Bitcoin owners can, of course, take precautions; one can imagine bitcoin institutions arising that offer bitcoin security and insure against loss or theft. But the more that people rely on these institutions, the more expensive it will be to use bitcoins, and the less anonymous bitcoin usage will be. Indeed, probably the only way to make bitcoin as secure and reliable as the existing payment system is to subject bitcoin exchanges and other institutional users to the law, reintroducing Leviathan just when we thought we could do without him. The theory that bitcoin allows us to avoid the government is just as upside down as the 1990s-era theory that the Internet allows us to avoid the government, when in fact it has made us more dependent on the government than ever, and more vulnerable to government abuse, as the NSA revelations have taught us. The advantage of bitcoins over other payment systems is as elusive as pseudonymous bitcoin inventor Satoshi Nakamoto. Maybe drug dealers and terrorism financiers will continue to see an advantage to bitcoin, but ordinary people may not.
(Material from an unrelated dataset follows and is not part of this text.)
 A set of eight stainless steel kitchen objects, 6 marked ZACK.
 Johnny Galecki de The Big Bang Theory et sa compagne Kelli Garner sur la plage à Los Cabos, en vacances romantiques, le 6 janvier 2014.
If all this is true, why has the price of bitcoin breached $1,000? Last spring I speculated that bitcoin enthusiasm rested on ideological fantasy rather than economics, contributing in my own way to a bubble of bitcoin-skepticism. I no longer think this: Too much money has been invested into virtual currencies by gimlet-eyed investors who don’t give a whit about Ludwig von Mises. It is clearly possible that investors see a future in PayPal-like services that use bitcoin-related technology to transfer dollars, euros, and pesos hither and yon. This would explain why there is a boom in all virtual currencies, not just bitcoin.
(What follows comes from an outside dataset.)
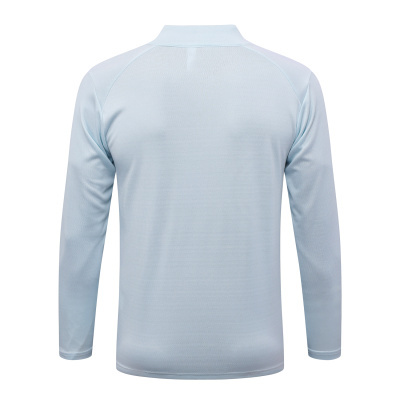 Camisola de manga comprida azul clara vista de costas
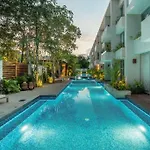 Nhoa 205a Lux 2br Pool View In Aldea Zama *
The problem with the PayPal theory is that for ordinary (legal) consumers, the benefits of bitcoin scarcely distinguish it from existing payment systems, while the currency will remain scarily volatile. The real boon is for capital-control evaders, drug dealers, and terrorist financiers. If they, rather than legitimate businesses, are the real beneficiaries of the bitcoin phenomenon, then the government will bar legitimate institutions from the bitcoin market, eliminating its value for most users. Bitcoin will become another piece of malware floating about the net.